Christmas makes me think about my past. My few successes and my many failures. I think of old friends and Shipmates, most of whom are now dead. Those thoughts bring back good and bad times. But they were good times with friends that I depended on and them on me. Those were great times that warm my soul.
I miss being a Chief. The times in the Chief's Mess. The fellowship, friendship, working together towards a common goal, and blowing off steam doing less than smart things!! It was fun!! Or at least, it was then.
I miss being dependent on fellow professionals and them being dependent on me.

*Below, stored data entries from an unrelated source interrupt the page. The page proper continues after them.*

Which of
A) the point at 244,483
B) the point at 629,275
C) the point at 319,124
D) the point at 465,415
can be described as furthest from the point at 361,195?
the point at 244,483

I even miss the arguments that arose in the Chief's Mess about the most ridicules things. I just miss being a Navy Chief.
I never really fit in the civilian world. I tried it and I did not like it. So, I went to work for the Navy as a Civil Servant. There, I could use what I learned to serve the Navy I loved.
I screwed up when I retired from the Navy. I got caught up in my own self-importance. The most stupid decision I ever made was becoming a Command Master Chief and then a Force Master Chief. It was not a fit for my personality, my career goals, or my happiness. I remember looking in the mirror, when I was the CMC on the USS Caron, and NOT recognizing myself!! I should have went back to being a Gunner's Mate then. I remember the Bible verse that says; "Pride goeth before a fall." It certainly did.
Now, I am a broken, bitter, depressed, old man, without anything of value to do, nothing to offer, and no way to change my lot in life. I dream about the Navy. Every facet of the Navy life. Sometimes I escape to my Navy life in my mind during the day.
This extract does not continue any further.